In the past decades, Viola and Jones [9] pioneered a real-time face detector, using Haar-like features to train a cascade of Adaboost models. After that, face detection has continuously improved in various works from [15, 16], to deformable part models (DPM) [17, 18, 19]. Most of these methods train traditional classifiers using a selective set of hand-crafted features. Recently, CNN-based methods have significantly boosted the performance of face detection over traditional methods which struggle to deal with facial variations. These recent state-of-the-art face detectors can be divided into two main approaches: one-stage detectors and two-stage detectors. We follow the first approach to design our face detector.

II-B Single-stage networks for face detection

Several works follow the design of one-stage detection architecture, having achieved very remarkable results on common benchmarks for face detection. SFD [4] adopts the VGG-16 but tiling and assigning the anchors more tightly for small faces to increase the recall score. Mahyar Najibi et al. [3] proposed a network called SSH which removes the fully connected layers from the VGG-16 base network, and provides the context information for detection module by fusing several convolutional layers. To improve the detection of occluded faces, Wang et al. [14] proposed FAN model which employs the RetinaNet [10] using feature pyramid integrated with the attention mechanism.

III OUR PROPOSED NETWORK

III-A The network architecture

Following the SFD design, we also build a single-stage framework which is robust to face scales. We extract the feature maps of different convolutional layers from the network. Each cell in the feature map from each layer is associated with one square anchor (aspect ratio of 1:1). The anchor size from each extracted conv layer increases exponentially with the power of 2, ranging from 16 to 512 pixels. As implemented in SFD, the strides of anchors are also kept unchanged to guarantee that faces of different scales are assigned to the equally adequate number of matched anchors from the feature maps. The model consists of the feature extractor, fusion modules and detection modules. The feature extractor is constructed by several of following layers:

Base convolutional layers. We design a very deep CNN network using ResNet-101 [12] which is well known for producing highly representative features for extraction. All the layers of ResNet-101 before the first fully connected layers are retained as our feature extractor.

Extra convolutional layers. For detecting large faces, we add the extra convolutional layers to the ResNet-101 base in order. The additional $Conv\_6$ and $Conv\_7$ blocks are sequential blocks of two $3{\times}3$ conv layers of $N=256$ filters, in which the latter layer with a stride of 2 is followed by ReLU activation.
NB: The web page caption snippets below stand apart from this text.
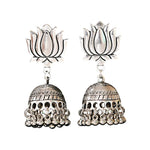 Lotus Jhumka Earrings (Drop)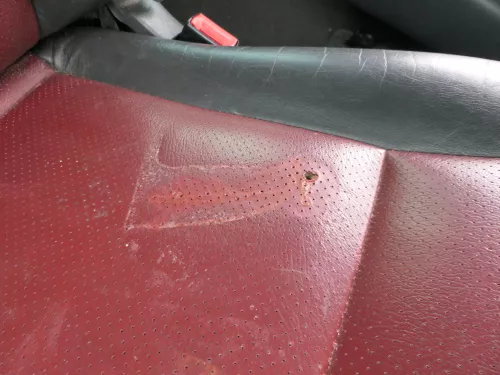 Sharan 7M Galaxy 1x Sitz hinten Rücksitz 6+7 Sitz rot Leder mitte/rechts/link ro (184941)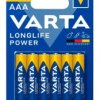 6 x baterie Varta Longlife Power LR03/AAA 4903 (High Energy)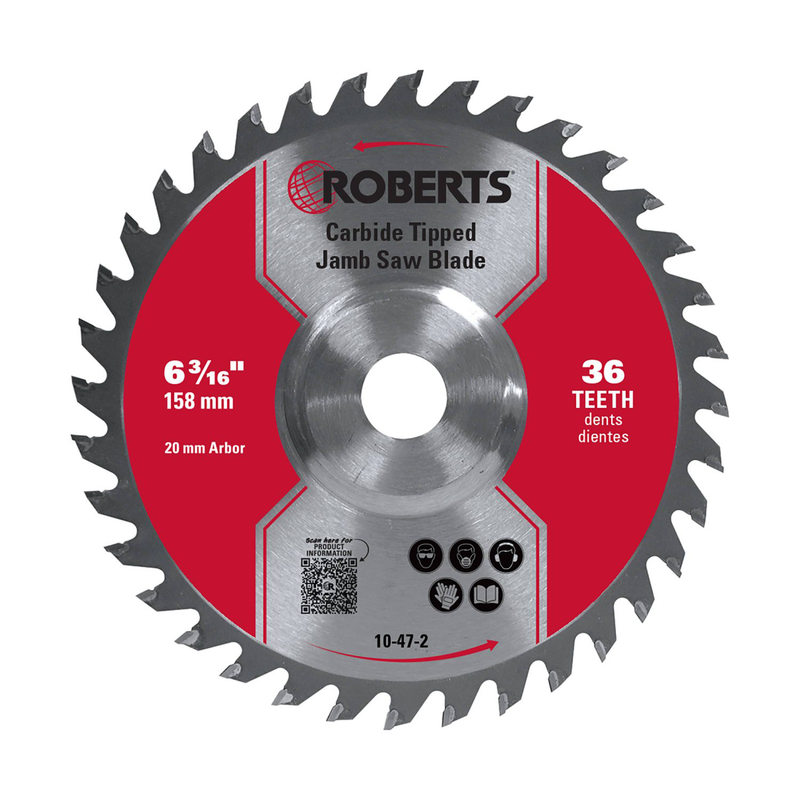 ROBERTS 6-3/16" 36-Tooth Carbide Tip Jamb Saw Blade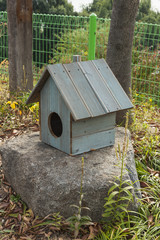 bird house at the provence style house with nature.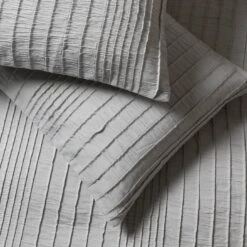 Habitat Crinkle Grey Bedding Set - Single 10 Habitat Crinkle Grey Bedding Set - Single -Habitat 1232420 R Z003A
Detection convolutional layers. For further detection, we extract feature maps of several layers from base convolutional layers and extra convolutional layers as anchor-associated layers for further detection. These extracted layers ( $Conv2\_3$ , $Conv3\_3$ , $Conv4\_3$ , $Conv5\_3$ , $Conv6\_2$ , and $Conv7\_2$ ) are the last conv layers in their corresponding blocks. We convolve the selected layers with $1{\times}1$ conv layer of 256 filters to ensure that all the extracted layers have $256$ channels if their number of channels differs from 256.

III-B Strategies for reducing the false positives

III-B1 Fusing features from the higher layer

Although the ResNet-101 backbone provides the larger receptive field for each detection convolutional layer than VGG-16 base, the shallower layers still lack context information for the detection. Fusing the features from higher layers is the common practice to enlarge the receptive fields and increase the context information for shallower layers. For instance, RetinaNet [10] designed the feature pyramid architecture which allows a layer to enjoy the flow of context information from all higher layers in the hierarchy. For face detection, the feature pyramid architecture might provide redundant context features for small face detection, increasing the false positive rate. In order to increase the context information of the feature maps in the lower layers, we fuse the current detection layer with only one consecutive higher detection layer in the hierarchical order. Therefore, we upsample the higher detection layer by factor of 2 and fuse it with the current detection layer by element-wise addition as depicted Figure 2(a). This strategy approximately doubles the receptive field of the corresponding layer approximately which provides sufficient context information for detecting small faces while reducing the risk of false positive detection.

III-B2 Shared features for detection tasks

In SFD, the detection layers are directly convolved with classification and regression filters. This makes the network harder to learn and optimize the loss of two tasks. To avoid this problem, we separate the detection tasks into two branches. Prior to the classification and regression layer, we add a sequential block including several $3{\times}3$ conv layers of 256 filters for each layer on each branch as implemented in RetinaNet. For each anchor, we need to regress the 4 offsets related to its coordinates and $N$ confidence scores for classification (as we have only the background label and the face label, we set $N=2$ ). Therefore, we apply $3{\times}3$ convolutional layers of $4$ and $2$ filters on the regression branch and classification branch, respectively. Figure 2(b) describes the detection module.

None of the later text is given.